» **EXERCISE DATA**:
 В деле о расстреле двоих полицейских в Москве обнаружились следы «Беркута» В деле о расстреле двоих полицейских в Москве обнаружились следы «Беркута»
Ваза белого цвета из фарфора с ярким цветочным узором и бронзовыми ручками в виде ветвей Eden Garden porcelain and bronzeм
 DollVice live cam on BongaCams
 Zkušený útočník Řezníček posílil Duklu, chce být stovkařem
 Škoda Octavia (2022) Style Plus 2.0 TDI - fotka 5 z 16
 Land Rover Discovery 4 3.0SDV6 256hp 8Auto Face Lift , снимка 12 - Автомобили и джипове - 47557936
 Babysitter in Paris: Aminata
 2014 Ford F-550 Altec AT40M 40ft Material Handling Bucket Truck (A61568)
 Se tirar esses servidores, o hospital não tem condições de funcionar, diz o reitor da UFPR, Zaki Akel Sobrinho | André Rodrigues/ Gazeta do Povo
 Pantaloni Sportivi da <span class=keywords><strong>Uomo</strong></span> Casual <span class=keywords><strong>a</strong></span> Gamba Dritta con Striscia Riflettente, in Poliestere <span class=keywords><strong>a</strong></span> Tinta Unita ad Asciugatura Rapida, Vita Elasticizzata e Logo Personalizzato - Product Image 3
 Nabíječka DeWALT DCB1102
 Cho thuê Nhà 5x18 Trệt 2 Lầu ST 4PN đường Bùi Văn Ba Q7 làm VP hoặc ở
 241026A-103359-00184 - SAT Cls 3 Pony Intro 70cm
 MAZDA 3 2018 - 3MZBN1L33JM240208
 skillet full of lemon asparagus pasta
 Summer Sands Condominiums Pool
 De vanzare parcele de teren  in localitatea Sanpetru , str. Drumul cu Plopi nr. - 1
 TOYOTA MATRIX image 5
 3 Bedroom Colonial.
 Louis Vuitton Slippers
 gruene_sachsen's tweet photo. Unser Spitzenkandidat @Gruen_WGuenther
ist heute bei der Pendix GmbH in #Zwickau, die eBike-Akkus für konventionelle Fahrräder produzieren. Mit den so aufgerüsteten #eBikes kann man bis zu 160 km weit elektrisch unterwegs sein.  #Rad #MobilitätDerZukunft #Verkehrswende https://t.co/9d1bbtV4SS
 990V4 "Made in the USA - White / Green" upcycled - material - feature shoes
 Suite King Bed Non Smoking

» **TASK DESCRIPTION**: Leave out every line above except those from the line with "Louis Vuitton Slippers" up to and including the line with "gruene_sachsen's tweet photo.", and copy those exactly.

» **SOLUTION TO THIS TASK**:
 Louis Vuitton Slippers
 gruene_sachsen's tweet photo. Unser Spitzenkandidat @Gruen_WGuenther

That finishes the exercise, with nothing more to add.